## SUPPLIED INFORMATION
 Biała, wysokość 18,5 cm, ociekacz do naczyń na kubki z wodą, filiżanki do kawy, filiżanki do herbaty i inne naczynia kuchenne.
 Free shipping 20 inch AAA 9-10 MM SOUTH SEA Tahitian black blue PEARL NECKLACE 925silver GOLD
* * *
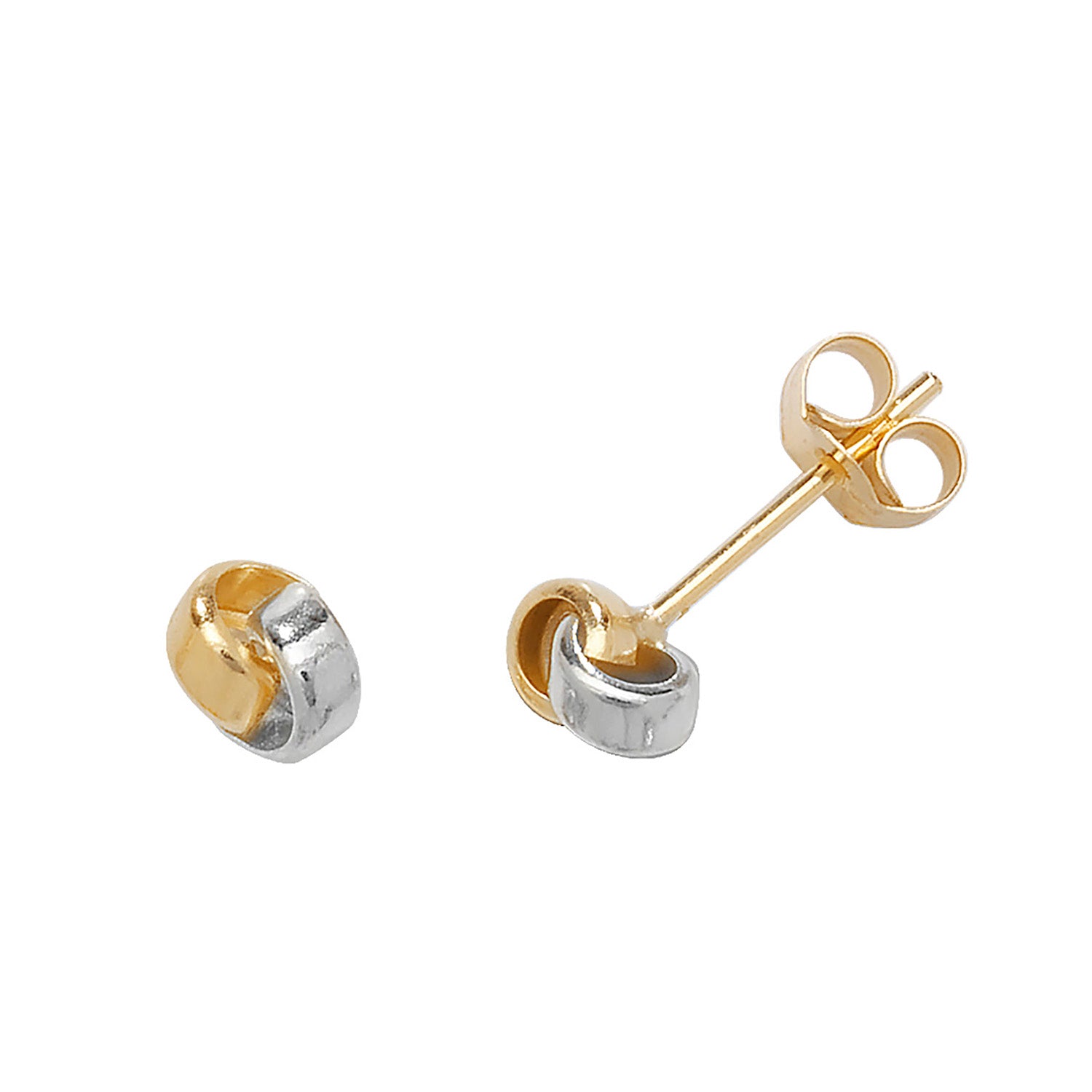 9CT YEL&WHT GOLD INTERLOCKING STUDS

## TO DO
Set down again, word for word, the stretch of records from the line with "Biała, wysokość 18,5" to the line with "Free shipping 20", both of those lines included.

## PROBLEM SOLUTION
 Biała, wysokość 18,5 cm, ociekacz do naczyń na kubki z wodą, filiżanki do kawy, filiżanki do herbaty i inne naczynia kuchenne.
 Free shipping 20 inch AAA 9-10 MM SOUTH SEA Tahitian black blue PEARL NECKLACE 925silver GOLD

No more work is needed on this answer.